Anthony Weiner: When It Comes to Regulations, Tesla and Other Tech Companies Should Shut Up and Take It


maybe he had a good reason!

Former Democrat Congressman and New York City mayoral candidate Anthony Weiner has a new column at Business Insider, and for his first column he decided to defend Gov. Chris Christie (R-N.J.). He tells readers it might be surprising that he's decided to defend a "conservative" in his first column. It shouldn't be.

Christie may consider himself a conservative, but like Weiner he often sees government as the solution to, not the cause of, various problems. This time, Weiner thinks Christie was right about cracking down on direct sales of electric cars by Tesla. He writes that the regulations that prevent direct sales are a good idea, probably, but he's not confident he knows why:

Why would you want to have laws that require a car be purchased through a local dealer?  Perhaps to protect a purchaser's rights to easily enforce the warranty. To ensure the state's ability to enforce the reams of unique state legal requirements that govern automobile sales, service and even disposal maybe. Or, it might just be a run-of-the-mill instinct for local rather than federal regulations to govern what, for many Americans, is the biggest purchase of their lives. You may not agree with these conclusions, but these are longstanding laws and there was a robust back-and-forth about them well before Tesla drove onto the scene.

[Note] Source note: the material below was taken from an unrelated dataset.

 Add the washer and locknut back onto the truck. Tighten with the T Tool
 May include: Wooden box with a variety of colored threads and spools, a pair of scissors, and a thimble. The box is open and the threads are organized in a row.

Perhaps, maybe, might. Weiner is willing to provide a vigorous defense of regulations whose purpose he can't identify with certainty. Perhaps Weiner is a slimeball. Maybe. He might be. To his credit, Weiner admits he received donations from car dealers as a politician, but then explains how lobbyists lobby about regulations in one of the most backward ways I've seen:

You can't swing a dead cat in Washington or any of the 50 state capitals without hitting a lobbyist pitching the idea some regulation is overreaching, unnecessary, or stifling of competition.

The statement is just as, if not more true from the other direction: You can't swing a dead cat in any capital without hitting a lobbyist pitching the idea some new regulation is needed (often to stifle his employer's competition).

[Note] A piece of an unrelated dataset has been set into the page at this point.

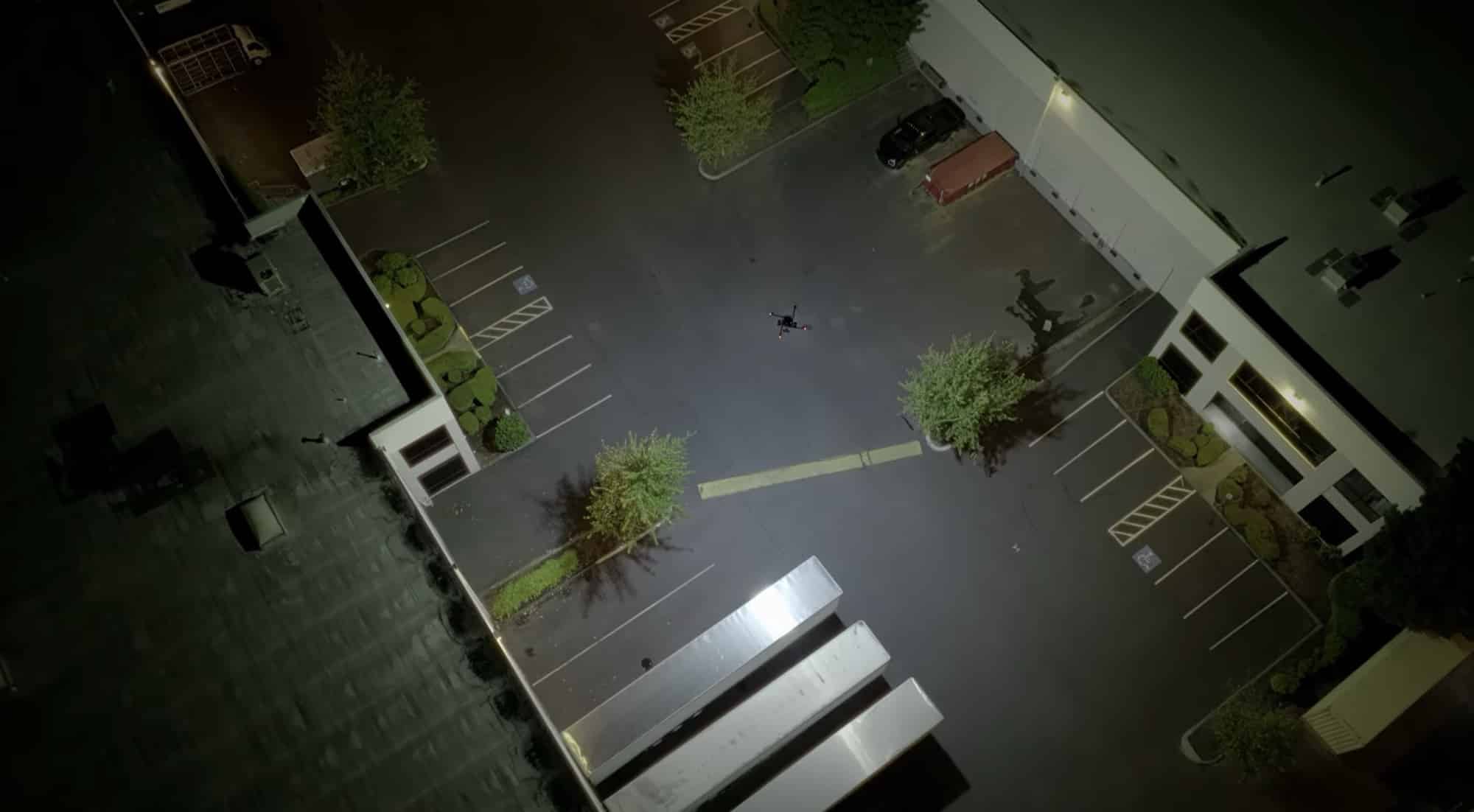 Aerial night view of a parking lot and building lit from above.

Weiner's presumption to trust that regulations are there for a reason is backward too. Everything he listed as a possible reason for the regulations that prohibit direct Tesla sales—protecting warranties and enforcing legal requirements on auto sales, service, and disposal—can be just as easily imposed on and satisfied by Tesla's direct sales division. It gets better. Weiner continues:

Along with Tesla, companies like Uber and AirBnB, are trying to do more than upset the established entities in their markets. They're all building businesses on an even tougher bet—that they can get rule makers and legislators to throw out the laws that those same people wrote. In this respect, the Tesla fight is noteworthy only in that it's a cool car.

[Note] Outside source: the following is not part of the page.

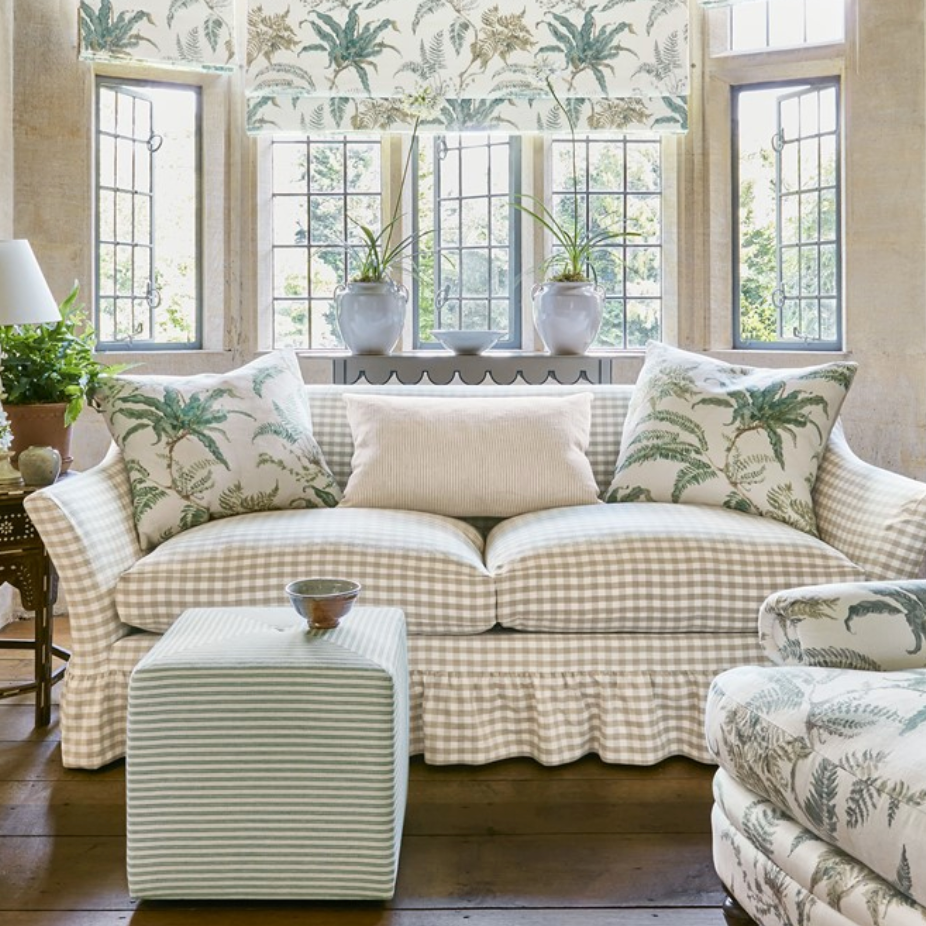 Living room with a checkered sofa, ottoman, and decorative pillows.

Like with Uber and AirBnB, Weiner, it's also noteworthy that the fights are over rules and laws pushed not in the interest of safety, or good governance, or whatever mumbo jumbo is used to justify regulations, but because of an industry's desire to stifle competition, and the government's desire to act like a hit man. Back to Weiner's column:

Reasonable people may think regulations that get in the way of tech companies are all just bad laws. In Tesla's case, some might consider bans on direct auto sales to be part of a protectionist regime set up by a powerful lobby—neighborhood car dealers—and unchallenged by a lazy industry that didn't want to antagonize its sales force. Still, dismissing all existing regulations out of hand without recognizing them as the product of reasoning and careful consideration isn't the answer.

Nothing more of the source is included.